Argus9 napisał(a):
Yer Blue, wracamy do kwestii ‘lubienia’ bądź ‘nie lubienia’ jakiegoś tam utworu. Soily ma prawo Ci się nie podobać, ale z tego faktu nie wynika ‘automatycznie’ że jest to utwór ‘słaby’.
I mówi to autor słów "To You jest słabe i to jest Obiektywny Fakt"
Toż pewnie, że kwestia nie lubienia to tylko moja opinia, nie wiem dlaczego to tak drążysz
Argus9 napisał(a):
Zaś strona B… Beatlesi nie lekceważyli stron B i myślę że Paulowi to podejście zostało – dowodów dobrych utworów na stronach B jest u niego całkiem sporo. Lubiane przez Ciebie (przeze mnie również) Oh Woman Oh Why
to także strona B. To ‘tylko’ strona B, albo ‘aż!’ strona B. Strony B singli potrafiły bardziej zapadać w świadomość niż niektóre utwory albumowe. Oczywiście mówię o tamtych czasach. Wówczas u McCartneya strony B to nie były ‘spychadełka’.
Znam mnóstwo przypadków kiedy to B-side bije A stronę, ale to nie zmienia faktu, że jest to miejsce przeznaczone dla utworów, którym daje sie zwyczajnie mniejszą szanse na stanie się popularnym i tak w 99% przypadków właśnie jest. I Soily się w ten schemat wpisuje.
Jedne z wyjątków to Don't Let Me Down czy I Am The Walrus, które są chyba popularniejsze od odpowiednio - Get Back i Hello Goodbye. Więcej nie znam.
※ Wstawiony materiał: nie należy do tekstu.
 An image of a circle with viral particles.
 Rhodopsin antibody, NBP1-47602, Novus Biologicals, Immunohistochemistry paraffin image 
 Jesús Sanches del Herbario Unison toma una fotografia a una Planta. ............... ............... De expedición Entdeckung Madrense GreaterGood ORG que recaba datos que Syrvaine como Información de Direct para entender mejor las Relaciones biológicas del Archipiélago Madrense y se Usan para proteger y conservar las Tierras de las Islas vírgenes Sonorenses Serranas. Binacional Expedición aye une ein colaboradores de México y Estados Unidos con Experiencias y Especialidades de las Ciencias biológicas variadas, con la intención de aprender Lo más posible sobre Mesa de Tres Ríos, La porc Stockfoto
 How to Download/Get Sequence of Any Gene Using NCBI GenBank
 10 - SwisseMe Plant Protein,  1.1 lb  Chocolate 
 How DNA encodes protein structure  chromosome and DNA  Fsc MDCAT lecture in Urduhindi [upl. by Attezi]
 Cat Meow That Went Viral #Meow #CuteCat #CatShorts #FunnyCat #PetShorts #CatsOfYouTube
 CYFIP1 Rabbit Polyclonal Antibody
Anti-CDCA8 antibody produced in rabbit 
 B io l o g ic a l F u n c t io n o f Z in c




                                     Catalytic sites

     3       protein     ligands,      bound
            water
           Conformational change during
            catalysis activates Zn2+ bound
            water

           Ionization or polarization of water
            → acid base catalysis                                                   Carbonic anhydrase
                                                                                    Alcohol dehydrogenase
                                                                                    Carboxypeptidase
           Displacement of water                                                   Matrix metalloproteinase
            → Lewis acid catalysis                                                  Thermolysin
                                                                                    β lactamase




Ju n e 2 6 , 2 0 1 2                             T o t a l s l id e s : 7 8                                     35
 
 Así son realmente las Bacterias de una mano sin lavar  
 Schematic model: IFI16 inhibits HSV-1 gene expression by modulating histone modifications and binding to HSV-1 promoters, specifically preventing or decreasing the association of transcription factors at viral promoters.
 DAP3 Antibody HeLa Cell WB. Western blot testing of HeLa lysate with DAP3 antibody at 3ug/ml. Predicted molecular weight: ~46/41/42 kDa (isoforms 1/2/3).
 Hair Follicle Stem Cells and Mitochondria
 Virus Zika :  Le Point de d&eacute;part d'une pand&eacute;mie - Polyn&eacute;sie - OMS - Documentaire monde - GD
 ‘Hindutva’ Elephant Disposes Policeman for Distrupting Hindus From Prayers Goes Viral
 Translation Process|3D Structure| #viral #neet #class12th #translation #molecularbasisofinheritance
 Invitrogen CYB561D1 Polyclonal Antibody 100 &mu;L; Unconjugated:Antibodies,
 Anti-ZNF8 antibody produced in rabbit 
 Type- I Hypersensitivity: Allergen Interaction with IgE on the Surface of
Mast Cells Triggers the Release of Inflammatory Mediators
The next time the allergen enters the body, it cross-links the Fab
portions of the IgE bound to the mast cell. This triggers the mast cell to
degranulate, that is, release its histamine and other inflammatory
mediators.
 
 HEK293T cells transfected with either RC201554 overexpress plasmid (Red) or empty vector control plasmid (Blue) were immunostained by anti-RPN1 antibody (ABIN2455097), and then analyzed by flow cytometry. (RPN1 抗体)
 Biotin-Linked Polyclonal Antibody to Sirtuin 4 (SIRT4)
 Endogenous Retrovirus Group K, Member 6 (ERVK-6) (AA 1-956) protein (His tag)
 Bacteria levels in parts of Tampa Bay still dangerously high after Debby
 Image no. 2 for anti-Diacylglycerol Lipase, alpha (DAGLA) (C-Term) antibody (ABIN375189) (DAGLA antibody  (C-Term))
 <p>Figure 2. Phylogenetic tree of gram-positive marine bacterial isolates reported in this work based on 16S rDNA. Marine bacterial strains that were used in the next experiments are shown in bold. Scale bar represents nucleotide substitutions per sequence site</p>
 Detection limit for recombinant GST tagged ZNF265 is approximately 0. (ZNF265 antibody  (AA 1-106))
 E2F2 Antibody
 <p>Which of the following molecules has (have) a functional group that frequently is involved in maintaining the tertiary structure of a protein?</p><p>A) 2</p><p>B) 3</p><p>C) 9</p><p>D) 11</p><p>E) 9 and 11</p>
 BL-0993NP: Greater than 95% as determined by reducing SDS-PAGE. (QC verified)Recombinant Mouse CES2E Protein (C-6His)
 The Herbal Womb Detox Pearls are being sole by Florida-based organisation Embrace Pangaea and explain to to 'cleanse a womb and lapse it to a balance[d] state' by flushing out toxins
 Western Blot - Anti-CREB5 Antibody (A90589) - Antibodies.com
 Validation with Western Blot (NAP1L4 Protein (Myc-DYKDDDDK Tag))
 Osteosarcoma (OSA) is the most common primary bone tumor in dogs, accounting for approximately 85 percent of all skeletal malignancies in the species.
Oczywiście strony B są bardzo ważne. Dla koneserów. Przeciętny słuchacz nie zdaje sobie nawet sprawy jakie są strony B nawet najpopularniejszych singli. Nawet znam to ze swojego przypadku. O ile strony B singli jakkolwiek powiązane z Beatlesami są i były mi w większości znane, tak np. o stronach B innych zespolów czasem dowiaduje się przez przypadek, a słucham ich muzyki od lat. Całkiem niedawno uświadomiłem sobie np jak bogate są strony B singli Depeche Mode, a słucham ich pasjami od ponad 20 lat i uważam sie za fana. Właściwie dopiero od 2 lat poznaje strony B singli innych zespołów niz Beatlesi i rodzina. Strony B to jednak sprawa dośc osobliwa, dla zboczeńców
Argus9 napisał(a):
Prawdziwi Fani powinni 'kojarzyć' Wszystko – ja tak pojmuję ‘definicję’ fana. Nie wszystko musi im się bezkrytycznie podobać (oby tak nie było!), ale powinni Znać Twórczość swoich Idoli.
Troche przesadzasz. Definicja określenia "prawdziwy fan" jest bardzo płynna i najczęściej nadużywają go fanatycy (wiem, że nim nie jesteś). Naprawdę, wystarczy kochać muzykę. Poznanie wszystkiego jest czasem ponad siły (sam nie znam kilku płyt Ringo, a wszystkie strony B singli Paula znam od niedawna). Szczególnie jak słuchasz 120 kapel a nie 3.
Poza tym już dawno wyrosłem ze pojęcia idol i obecnie mnie ono trochę mierzi.
Bogey Music napisał(a):
Uwierz mi, że kolejne pokolenia fanów, bardziej kojarzyć będą Soily(utwór wybitnie koncertowy), niż Twoje ukochane perełki w stylu... Struggle
To akurat nic zaskakującego bo Struggle to japoński bonus, rzecz jeszcze bardziej osobliwa niz strona B singla. Nie mówiąc juz o tym, że Struggle jest dośc trudny w odbiorze.
Soily zapisze się w kartach historii dzięki obecności na Wings Over America i filmie Rock Show, czyli od strony koncertowej. Bez tego nikt by specjalnie nie kojarzyl strony B singla Maybe I'm Amezad.